__WORK REQUIRED__
Exclude the pictures and transcribe the rest of the data below exactly.

__THE RECORDS__
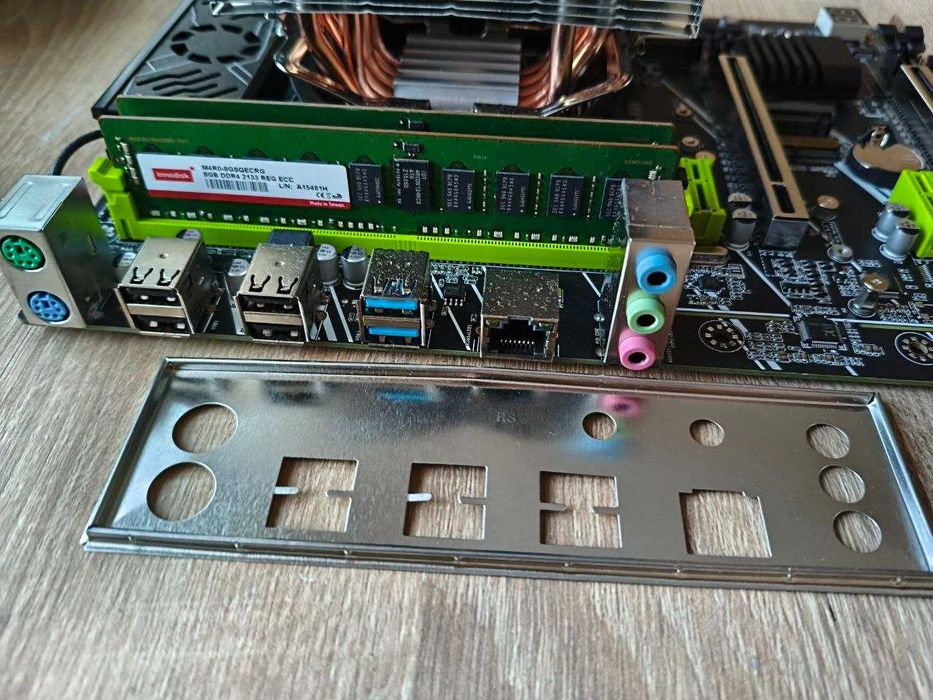 новый комплект Xeon 2690 v3 / QIYIDA X99 E5-A99 / DDR4 32 GB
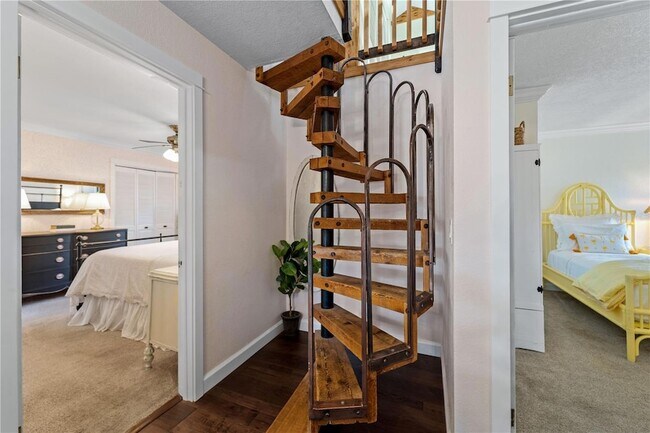 Building Photo - 731 Texas St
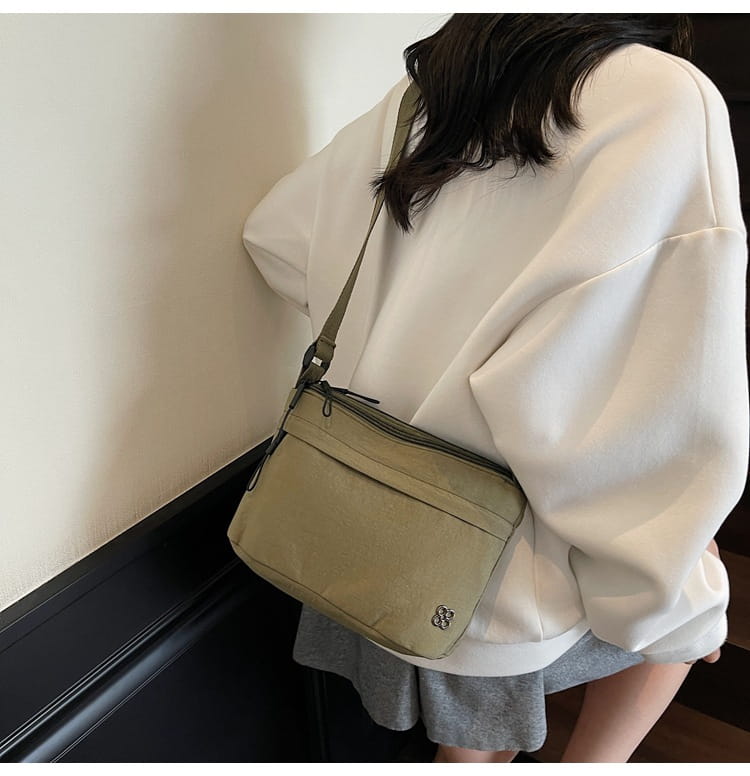 Sac à corps croisé en toile de voyage avec poche de téléphone pour les femmes en plusieurs couleurs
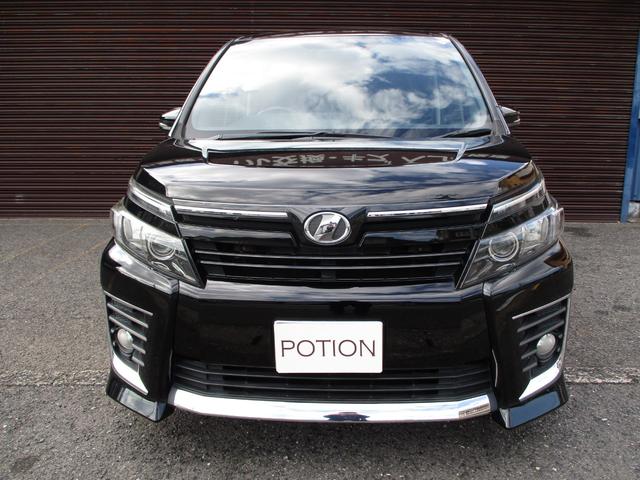 ヴォクシー ＺＳ　ワンオーナー　純正９インチＳＤナビ　フルセグＴＶ　ブルートゥース　ＤＶＤ再生　ＥＴＣ　バックカメラ　フリップダウンモニター　リモコンエンジンスターター　両側パワースライドドア　１６インチアルミホイール（2枚目）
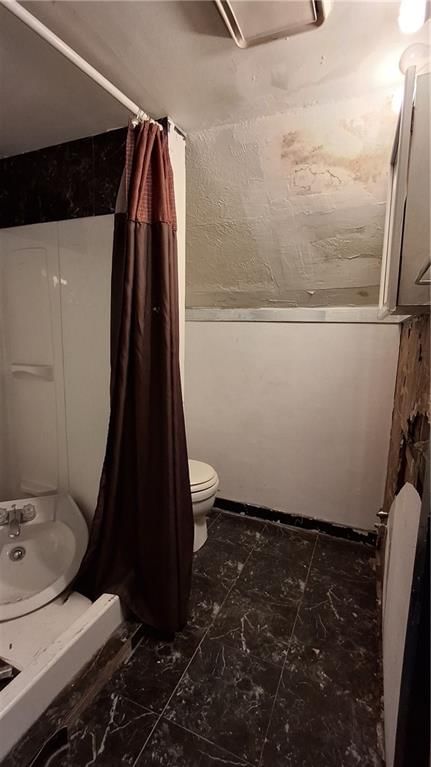 115 White Avenue — photo 25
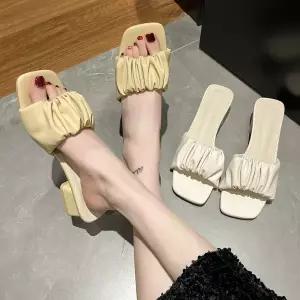 샌들 슬리퍼 스포츠 비치 여름 여성 부드럽고 편안한 Pleate 한 두꺼운 하이힐 패션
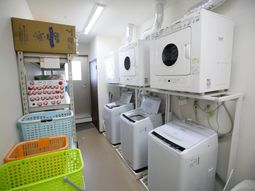 洗濯機と乾燥機が並ぶ部屋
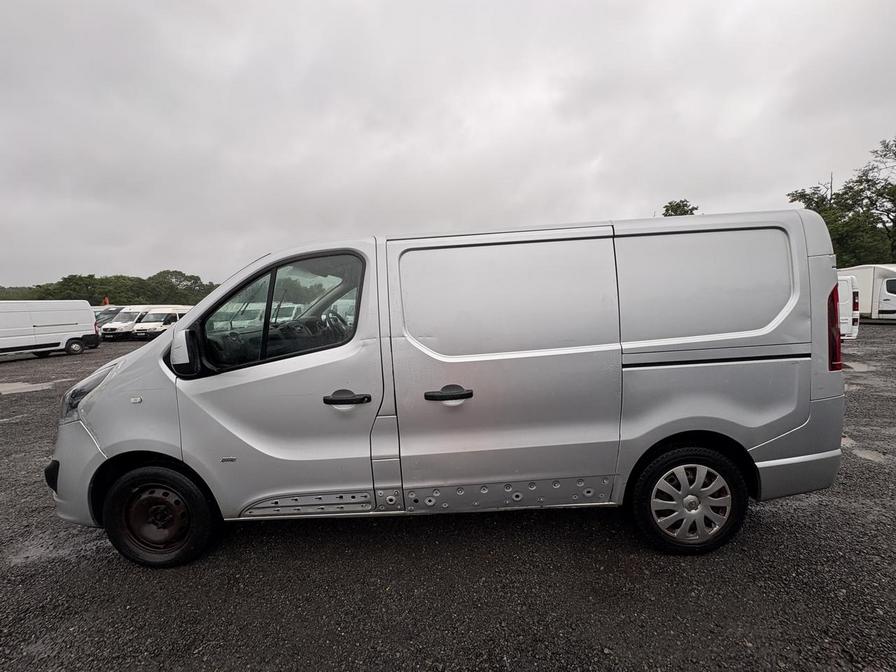 2016 Vauxhall Vivaro – Model: Vivaro 2700 Sport Bi-T CDTi ecoFLEX S/S – DF16YFC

__ANSWER FOR THE TASK__
 новый комплект Xeon 2690 v3 / QIYIDA X99 E5-A99 / DDR4 32 GB
 Building Photo - 731 Texas St
 Sac à corps croisé en toile de voyage avec poche de téléphone pour les femmes en plusieurs couleurs
 ヴォクシー ＺＳ　ワンオーナー　純正９インチＳＤナビ　フルセグＴＶ　ブルートゥース　ＤＶＤ再生　ＥＴＣ　バックカメラ　フリップダウンモニター　リモコンエンジンスターター　両側パワースライドドア　１６インチアルミホイール（2枚目）
 115 White Avenue — photo 25
 샌들 슬리퍼 스포츠 비치 여름 여성 부드럽고 편안한 Pleate 한 두꺼운 하이힐 패션
 洗濯機と乾燥機が並ぶ部屋
 2016 Vauxhall Vivaro – Model: Vivaro 2700 Sport Bi-T CDTi ecoFLEX S/S – DF16YFC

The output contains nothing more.